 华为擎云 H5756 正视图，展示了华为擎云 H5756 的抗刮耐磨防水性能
■ ■ ■ ■ ■
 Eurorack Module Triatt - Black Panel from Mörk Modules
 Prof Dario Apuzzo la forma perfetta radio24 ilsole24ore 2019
■ ■ ■ ■ ■
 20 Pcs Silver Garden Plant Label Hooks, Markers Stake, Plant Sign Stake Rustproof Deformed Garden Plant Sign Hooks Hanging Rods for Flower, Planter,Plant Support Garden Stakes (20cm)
■ ■ ■ ■ ■
Keeping every character as it is, restate the lines above that run from the line with "Eurorack Module Triatt" through the line with "Prof Dario Apuzzo", both included, and nothing else.

■ **Response to this task**
 Eurorack Module Triatt - Black Panel from Mörk Modules
 Prof Dario Apuzzo la forma perfetta radio24 ilsole24ore 2019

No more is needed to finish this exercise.